The €182.5m, five-tranche REITALY Finance transaction is the sixth Italian CMBS to be launched since the securitisation market began to recover in the last couple of years.
It follows two others arranged by Goldman, in 2013 and 2014 (Gallerie 2013 and Moda 2014), one last year from Deutsche Bank (DECO 14 – Gondola) and two this year, from Banca IM/Cairn Capital and Bank of America Merrill Lynch.
The latest deal is to be rated by Standard & Poor’s and Fitch, and matures in May 2020 with the legal final maturity in May 2027.
The new issuance, with the expected Fitch ratings, is comprised as follows:
Class A €109.3m Asf 39.3% LTV
Class X1 and X2 €0.3 NR
Class B €33.3 BBBsf 51.3% LTV
Class C €12.4 BBB-sf 55.8% LTV
Class D €17.7m BBsf 62.1% LTV
Class E €9.3m BB-sf 65.5% LTV
Total €182.3m
The portfolio comprises five large retail assets, each with a cinema, five cash-and-carry properties, three retail galleries, five retail warehouse and seven shops. They are located across Italy and have a combined market value of €292.3m.

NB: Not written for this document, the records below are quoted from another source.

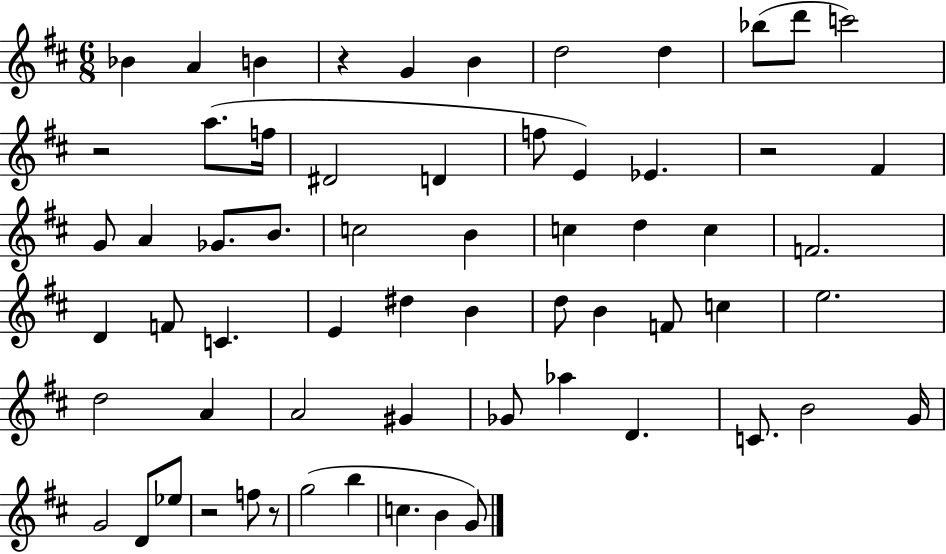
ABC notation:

X:1
T:Untitled
M:6/8
L:1/4
K:D
_B A B z G B d2 d _b/2 d'/2 c'2 z2 a/2 f/4 ^D2 D f/2 E _E z2 ^F G/2 A _G/2 B/2 c2 B c d c F2 D F/2 C E ^d B d/2 B F/2 c e2 d2 A A2 ^G _G/2 _a D C/2 B2 G/4 G2 D/2 _e/2 z2 f/2 z/2 g2 b c B G/2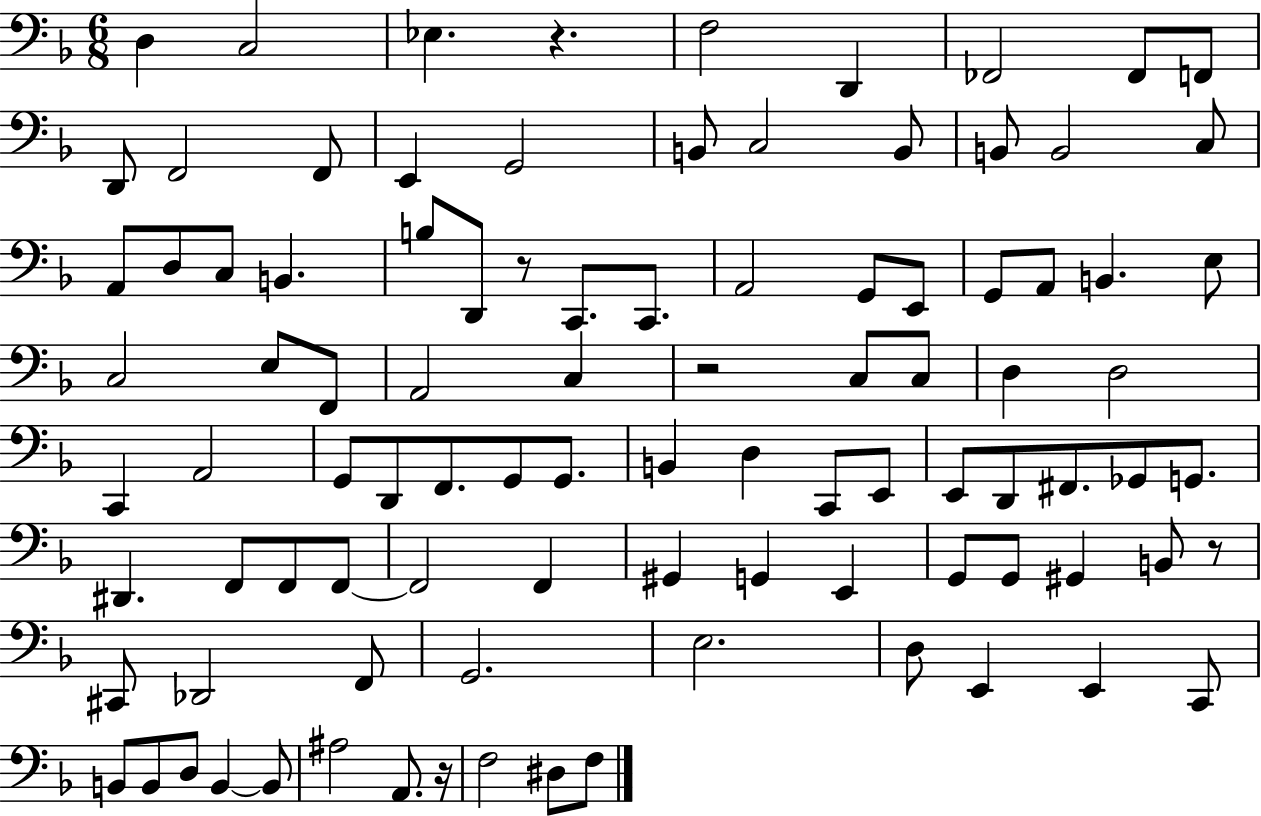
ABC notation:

X:1
T:Untitled
M:6/8
L:1/4
K:F
D, C,2 _E, z F,2 D,, _F,,2 _F,,/2 F,,/2 D,,/2 F,,2 F,,/2 E,, G,,2 B,,/2 C,2 B,,/2 B,,/2 B,,2 C,/2 A,,/2 D,/2 C,/2 B,, B,/2 D,,/2 z/2 C,,/2 C,,/2 A,,2 G,,/2 E,,/2 G,,/2 A,,/2 B,, E,/2 C,2 E,/2 F,,/2 A,,2 C, z2 C,/2 C,/2 D, D,2 C,, A,,2 G,,/2 D,,/2 F,,/2 G,,/2 G,,/2 B,, D, C,,/2 E,,/2 E,,/2 D,,/2 ^F,,/2 _G,,/2 G,,/2 ^D,, F,,/2 F,,/2 F,,/2 F,,2 F,, ^G,, G,, E,, G,,/2 G,,/2 ^G,, B,,/2 z/2 ^C,,/2 _D,,2 F,,/2 G,,2 E,2 D,/2 E,, E,, C,,/2 B,,/2 B,,/2 D,/2 B,, B,,/2 ^A,2 A,,/2 z/4 F,2 ^D,/2 F,/2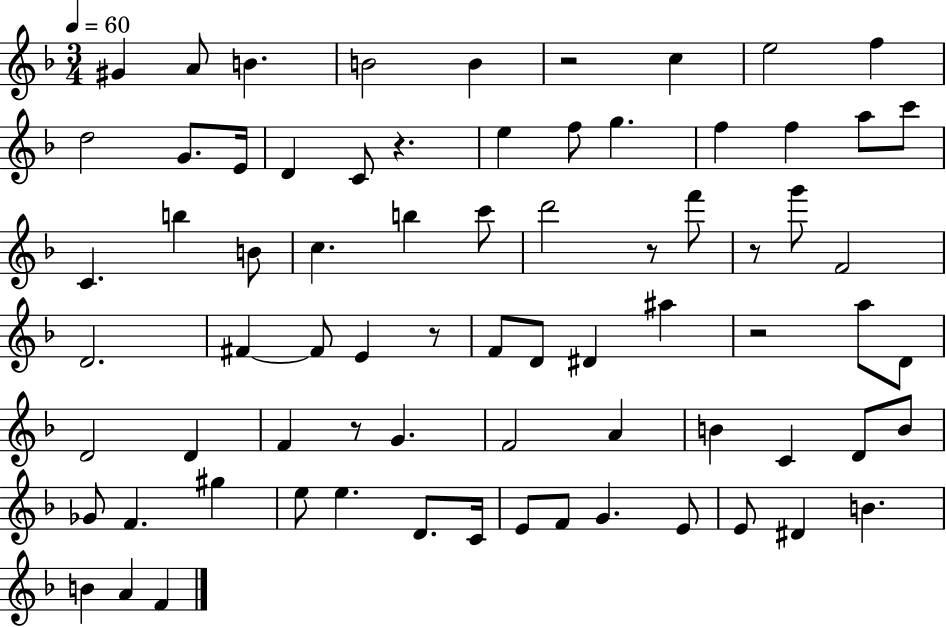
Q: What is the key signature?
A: F major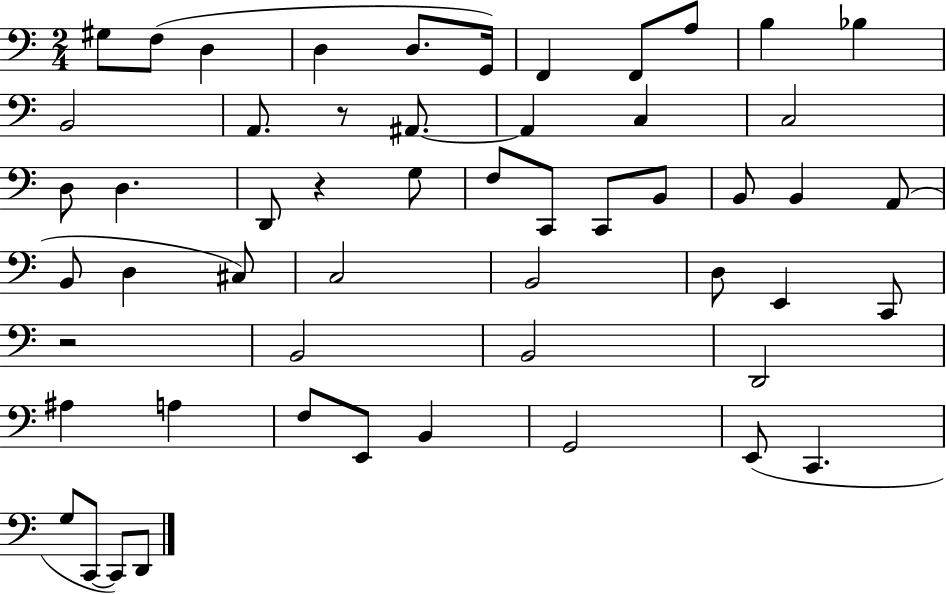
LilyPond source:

{
  \clef bass
  \numericTimeSignature
  \time 2/4
  \key c \major
  gis8 f8( d4 | d4 d8. g,16) | f,4 f,8 a8 | b4 bes4 | \break b,2 | a,8. r8 ais,8.~~ | ais,4 c4 | c2 | \break d8 d4. | d,8 r4 g8 | f8 c,8 c,8 b,8 | b,8 b,4 a,8( | \break b,8 d4 cis8) | c2 | b,2 | d8 e,4 c,8 | \break r2 | b,2 | b,2 | d,2 | \break ais4 a4 | f8 e,8 b,4 | g,2 | e,8( c,4. | \break g8 c,8~~ c,8) d,8 | \bar "|."
}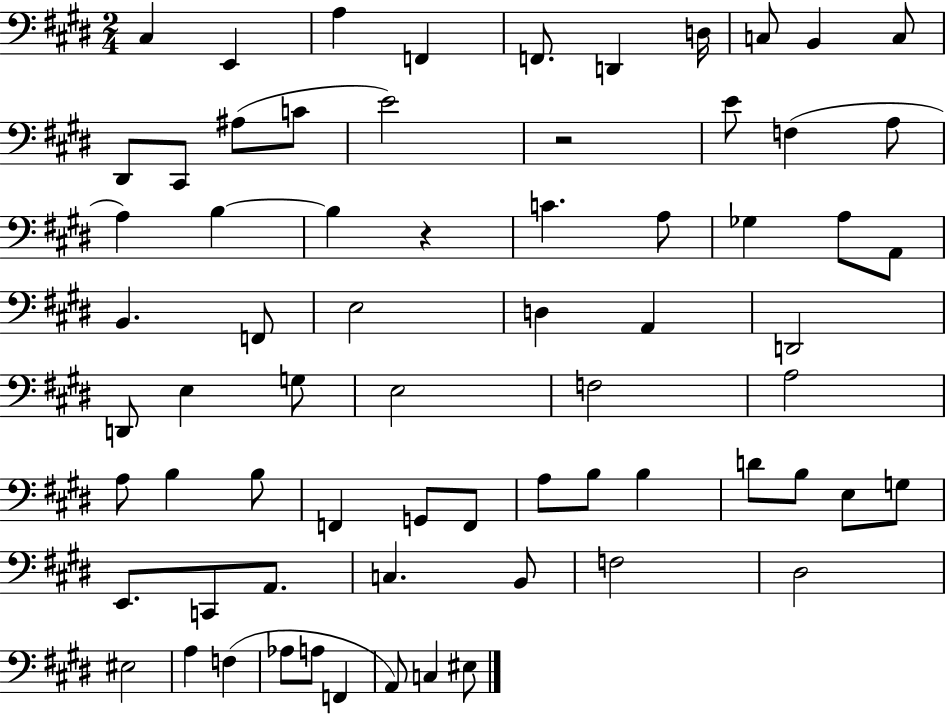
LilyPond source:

{
  \clef bass
  \numericTimeSignature
  \time 2/4
  \key e \major
  cis4 e,4 | a4 f,4 | f,8. d,4 d16 | c8 b,4 c8 | \break dis,8 cis,8 ais8( c'8 | e'2) | r2 | e'8 f4( a8 | \break a4) b4~~ | b4 r4 | c'4. a8 | ges4 a8 a,8 | \break b,4. f,8 | e2 | d4 a,4 | d,2 | \break d,8 e4 g8 | e2 | f2 | a2 | \break a8 b4 b8 | f,4 g,8 f,8 | a8 b8 b4 | d'8 b8 e8 g8 | \break e,8. c,8 a,8. | c4. b,8 | f2 | dis2 | \break eis2 | a4 f4( | aes8 a8 f,4 | a,8) c4 eis8 | \break \bar "|."
}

Goldman Sachs provided the original loan to Apollo’s Italian REITALY fund which is managed by AXA Real Estate Investment Managers and which bought the assets, originally for €290m of equity, from Olinda Fondo Shops, a listed fund managed by Prelios.
Goldman Sachs will retain a net economic interest of 5% in the underlying loan.
In its pre-sale report, Fitch said UCI Cinemas Group provides 21% of the total rental income and the portfolio includes its Milan flagship, the Pioltello IMAX complex. Almost half the contracted rental income expires by loan maturity in 2020.
The five-year loan is subject to a 20% amortisation target by 2018 and 30% by 2019, due to be met by asset sales.
Zenith is the deal’s master servicer, with primary and special servicing delegated to CBRE Loan Servicing.